Torsten il 25 Lug 2024
Modificato: Torsten il 25 Lug 2024
c = optimvar("c",1,1,'Type','continuous','LowerBound',0.1,'UpperBound',10);
g1 = @(x,c) exp(-0.5*(x./c).^2)./sqrt(2*pi*c^2);
obj = fcn2optimexpr(@(c)abs(0.5-integral(@(x)g1(x,c),0,10)).^0.5,c);
prob = optimproblem('Objective', obj);
show(prob)
OptimizationProblem : Solve for: c minimize : arg1 where: anonymousFunction1 = @(c)abs(0.5-integral(@(x)g1(x,c),0,10)).^0.5; arg1 = anonymousFunction1(c); variable bounds: 0.1 <= c <= 10
x0.c = 10;
options = optimoptions("fmincon",OptimalityTolerance=1e-18);
[solf,fvalf,eflagf,outputf] = solve(prob,x0,Options=options)

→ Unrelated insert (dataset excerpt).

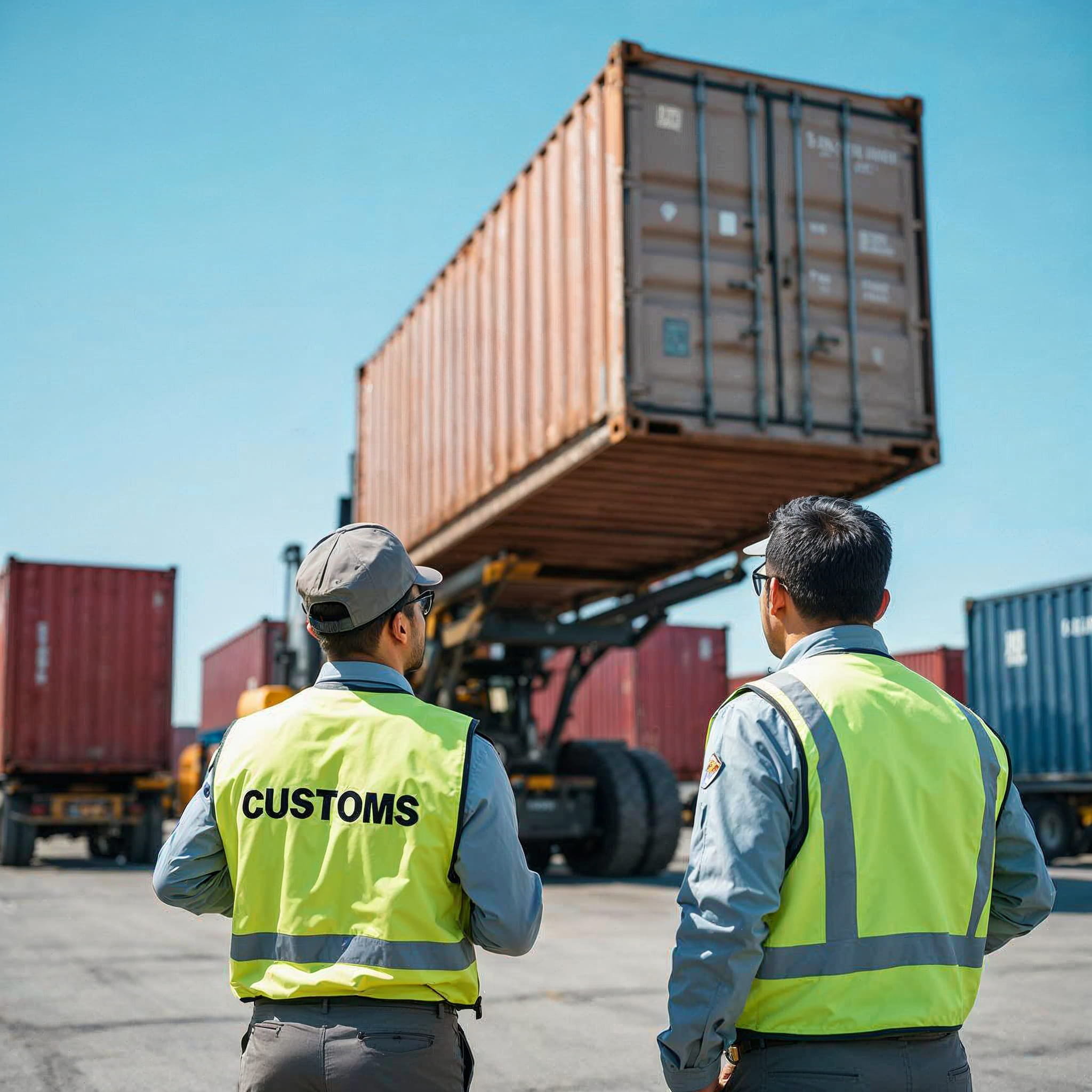 Customs inspection at port – international shipping compliance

Solving problem using fmincon. Local minimum found that satisfies the constraints. Optimization completed because the objective function is non-decreasing in feasible directions, to within the value of the optimality tolerance, and constraints are satisfied to within the value of the constraint tolerance.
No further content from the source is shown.